Sure they teach you how to draw, play a musical instrument, add numbers, do sports in school but I’ve yet to see main stream academia establish a lucid dreaming class that progresses people from child hood up to a master PhD in University in the science and skill of lucid dreaming. Thus no one benefits, most live half their life throwing away the better half. What is it going to take to wake people up to this wonderful skill and ability?

Now we have the Internet and there are pockets of forums and newsgroups that offer information on lucid dreaming. Many websites and authors cropping up but like anything there is good information and bad information mixed in with this simply ability to maintain consciousness during sleep. I think my progressive guide on lucid dreaming embodies the most straight forward tested approach to this experience. Largely in part to the influence of Dr. Stephen LaBerge who I credit for sparking my initiation to this idea back in 1985. He’s been a wonderful influence in my journey.

Thus the choice resides in the individual, it is up to those who want to pursue this ability to make that lifestyle choice and reap the rewards while others lie unconscious in their sleep wasting away potential experience. I guess you don’t know what you miss if you don’t value it.

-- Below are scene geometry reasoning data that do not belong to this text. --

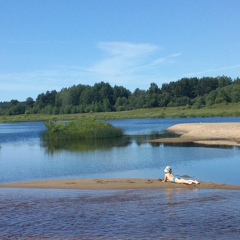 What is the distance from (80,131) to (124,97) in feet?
381

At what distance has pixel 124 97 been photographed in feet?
557

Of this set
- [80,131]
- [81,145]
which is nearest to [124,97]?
[80,131]

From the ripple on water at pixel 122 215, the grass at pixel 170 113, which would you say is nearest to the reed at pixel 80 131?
the ripple on water at pixel 122 215

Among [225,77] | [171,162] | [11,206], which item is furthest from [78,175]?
[225,77]

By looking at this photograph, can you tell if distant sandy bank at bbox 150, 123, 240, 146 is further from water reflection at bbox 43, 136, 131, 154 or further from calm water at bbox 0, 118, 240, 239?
calm water at bbox 0, 118, 240, 239

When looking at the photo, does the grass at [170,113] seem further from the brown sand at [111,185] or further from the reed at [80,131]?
the brown sand at [111,185]

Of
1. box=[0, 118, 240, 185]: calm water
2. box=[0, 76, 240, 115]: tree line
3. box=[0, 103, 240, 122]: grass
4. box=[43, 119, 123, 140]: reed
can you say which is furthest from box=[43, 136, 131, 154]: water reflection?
box=[0, 76, 240, 115]: tree line

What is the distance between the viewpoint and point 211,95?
135875 millimetres

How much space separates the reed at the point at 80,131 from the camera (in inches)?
2119

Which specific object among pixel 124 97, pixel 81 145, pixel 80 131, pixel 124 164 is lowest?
pixel 124 164

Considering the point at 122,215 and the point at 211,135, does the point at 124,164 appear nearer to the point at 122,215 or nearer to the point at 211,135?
the point at 122,215

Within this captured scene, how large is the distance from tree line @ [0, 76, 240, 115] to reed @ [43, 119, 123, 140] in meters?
79.2

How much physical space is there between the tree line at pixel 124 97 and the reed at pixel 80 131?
79240 millimetres

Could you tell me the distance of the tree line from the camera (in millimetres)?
151000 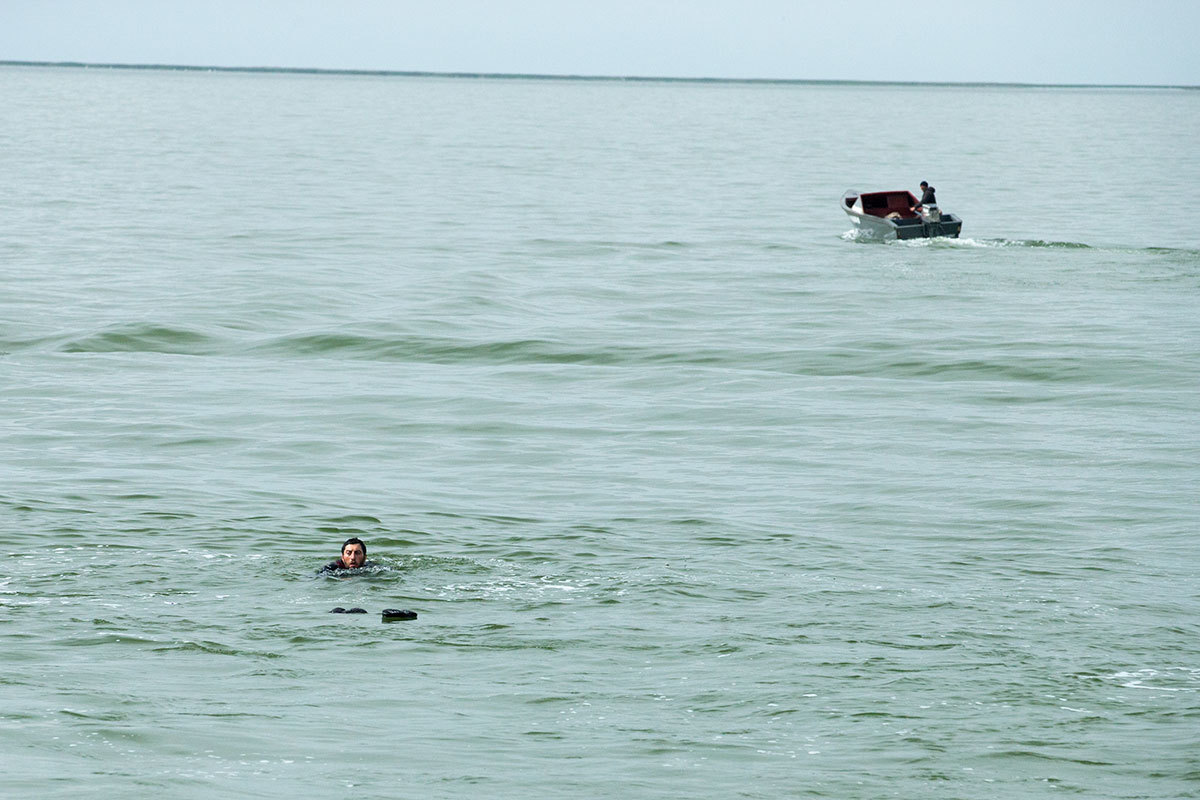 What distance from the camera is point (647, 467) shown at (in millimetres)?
24781

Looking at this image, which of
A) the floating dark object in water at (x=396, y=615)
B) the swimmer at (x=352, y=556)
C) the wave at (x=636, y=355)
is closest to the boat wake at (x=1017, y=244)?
the wave at (x=636, y=355)

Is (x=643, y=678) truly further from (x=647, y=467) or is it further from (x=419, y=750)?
(x=647, y=467)

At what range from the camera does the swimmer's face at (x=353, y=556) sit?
60.1 ft

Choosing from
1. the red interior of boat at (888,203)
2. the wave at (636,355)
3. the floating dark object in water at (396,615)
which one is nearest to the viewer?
the floating dark object in water at (396,615)

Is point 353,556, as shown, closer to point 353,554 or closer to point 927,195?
point 353,554

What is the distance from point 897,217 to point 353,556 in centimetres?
3849

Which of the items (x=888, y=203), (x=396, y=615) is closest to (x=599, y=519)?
(x=396, y=615)

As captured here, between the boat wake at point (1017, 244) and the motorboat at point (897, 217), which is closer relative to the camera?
the boat wake at point (1017, 244)

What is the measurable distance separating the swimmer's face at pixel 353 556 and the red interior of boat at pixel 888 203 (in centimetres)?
4038

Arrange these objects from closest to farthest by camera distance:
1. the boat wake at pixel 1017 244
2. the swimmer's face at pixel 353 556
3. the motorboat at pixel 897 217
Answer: the swimmer's face at pixel 353 556, the boat wake at pixel 1017 244, the motorboat at pixel 897 217

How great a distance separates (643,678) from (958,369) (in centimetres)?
1888

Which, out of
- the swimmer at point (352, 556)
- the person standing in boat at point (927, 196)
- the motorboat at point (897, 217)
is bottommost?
the swimmer at point (352, 556)

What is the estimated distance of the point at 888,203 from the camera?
186ft

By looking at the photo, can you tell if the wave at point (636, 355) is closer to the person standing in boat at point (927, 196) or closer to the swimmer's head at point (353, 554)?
the swimmer's head at point (353, 554) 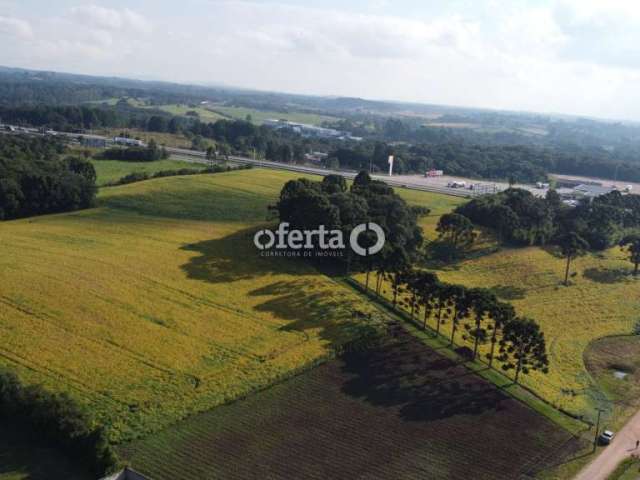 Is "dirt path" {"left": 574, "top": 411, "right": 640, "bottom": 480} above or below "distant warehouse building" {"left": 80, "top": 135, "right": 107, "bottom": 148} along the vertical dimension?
below

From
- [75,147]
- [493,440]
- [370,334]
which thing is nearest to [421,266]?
[370,334]

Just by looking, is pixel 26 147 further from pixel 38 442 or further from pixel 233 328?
pixel 38 442

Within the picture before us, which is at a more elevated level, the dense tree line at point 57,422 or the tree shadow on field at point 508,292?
the tree shadow on field at point 508,292

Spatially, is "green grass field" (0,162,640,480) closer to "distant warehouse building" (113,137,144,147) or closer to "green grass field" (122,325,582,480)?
"green grass field" (122,325,582,480)

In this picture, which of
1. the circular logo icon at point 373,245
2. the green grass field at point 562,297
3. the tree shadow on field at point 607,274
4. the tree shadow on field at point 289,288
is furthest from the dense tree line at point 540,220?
the tree shadow on field at point 289,288

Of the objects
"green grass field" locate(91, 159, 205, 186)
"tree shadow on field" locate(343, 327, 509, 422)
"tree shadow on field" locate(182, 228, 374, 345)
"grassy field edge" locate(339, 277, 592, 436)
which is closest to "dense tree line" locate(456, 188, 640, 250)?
"tree shadow on field" locate(182, 228, 374, 345)

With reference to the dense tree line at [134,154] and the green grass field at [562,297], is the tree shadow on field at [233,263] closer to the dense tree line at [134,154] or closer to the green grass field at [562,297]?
the green grass field at [562,297]

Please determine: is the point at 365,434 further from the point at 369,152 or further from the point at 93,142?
the point at 93,142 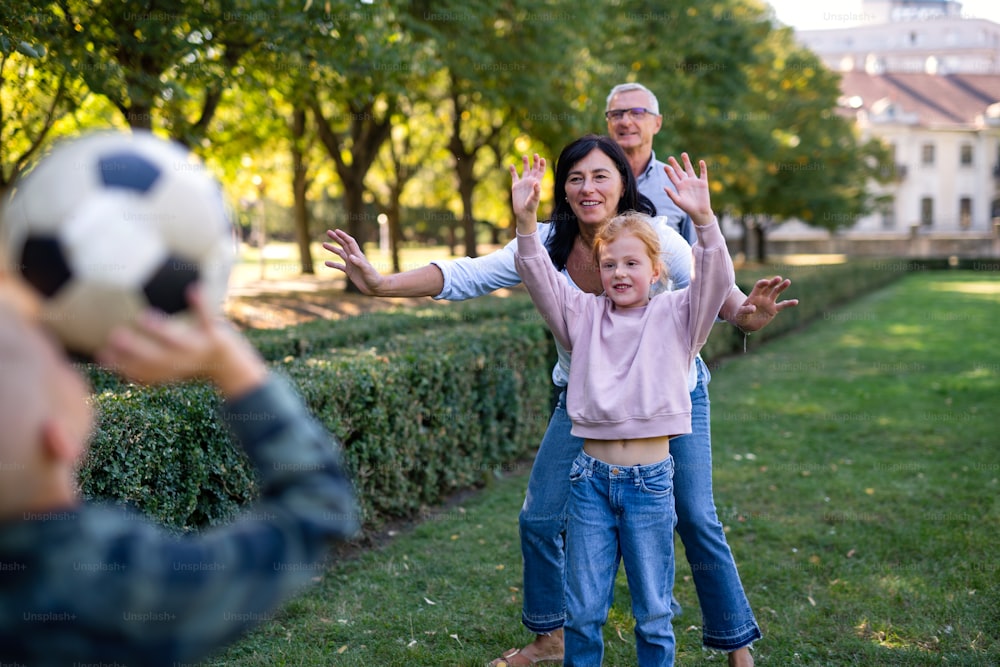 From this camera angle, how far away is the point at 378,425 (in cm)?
576

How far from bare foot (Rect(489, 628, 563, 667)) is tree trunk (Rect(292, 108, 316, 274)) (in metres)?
18.5

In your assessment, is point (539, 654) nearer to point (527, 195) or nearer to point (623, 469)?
point (623, 469)

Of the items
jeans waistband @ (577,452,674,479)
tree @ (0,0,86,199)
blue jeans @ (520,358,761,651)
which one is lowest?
blue jeans @ (520,358,761,651)

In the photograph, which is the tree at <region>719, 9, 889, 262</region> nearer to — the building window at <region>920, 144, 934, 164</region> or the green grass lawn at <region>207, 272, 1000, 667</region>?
the green grass lawn at <region>207, 272, 1000, 667</region>

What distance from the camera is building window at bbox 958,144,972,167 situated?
2635 inches

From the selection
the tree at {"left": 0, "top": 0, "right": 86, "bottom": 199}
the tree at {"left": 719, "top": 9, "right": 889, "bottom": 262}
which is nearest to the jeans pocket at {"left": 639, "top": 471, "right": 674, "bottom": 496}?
the tree at {"left": 0, "top": 0, "right": 86, "bottom": 199}

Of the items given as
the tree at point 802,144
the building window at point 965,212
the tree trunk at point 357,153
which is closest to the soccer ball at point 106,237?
the tree trunk at point 357,153

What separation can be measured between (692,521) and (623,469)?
0.69 m

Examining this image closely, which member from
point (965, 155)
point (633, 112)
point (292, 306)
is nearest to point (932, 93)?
point (965, 155)

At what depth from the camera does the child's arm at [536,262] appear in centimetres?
291

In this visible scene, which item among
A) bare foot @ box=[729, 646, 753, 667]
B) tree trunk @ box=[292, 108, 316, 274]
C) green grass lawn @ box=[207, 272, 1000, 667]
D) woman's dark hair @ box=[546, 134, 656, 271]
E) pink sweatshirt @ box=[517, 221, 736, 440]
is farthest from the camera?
tree trunk @ box=[292, 108, 316, 274]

For me, I enjoy the quality of the experience and the entertainment value. I’ll share some links to some of my more genre specific lucid dreams as I love to recreate fantasy worlds in this vividly real dream format.

Movie Inspired Genre Specific Lucid Dreams:
Star Wars inspired GSLD

Game of Thrones

I was Flash from Justice League

Marvel Infinity Gems / Thanos inspired.

Battling Cthulhu


Became a Werewolf

Video Game Inspired Lucid Dreams:
Fallout 3 Las Vegas

Borderlands 2 inspired GSLD

And that is just the tip of the iceberg. Plenty more where those came from and many more to come. Lucid Dreaming is a gift that keeps on giving once mastered.

Here is my Progressive Guide to Lucid Dreaming:

The best part, everything I have written and published on-line with regards to dreaming is all free, I’ve never monetized my website and think of what i contribute as being open-source. If it helps someone achieve lucidity, that is my reward and it has for many people so mission accomplished. If you haven’t yet hopefully I’ve inspired you and given you something to look forward to experiencing when you sleep.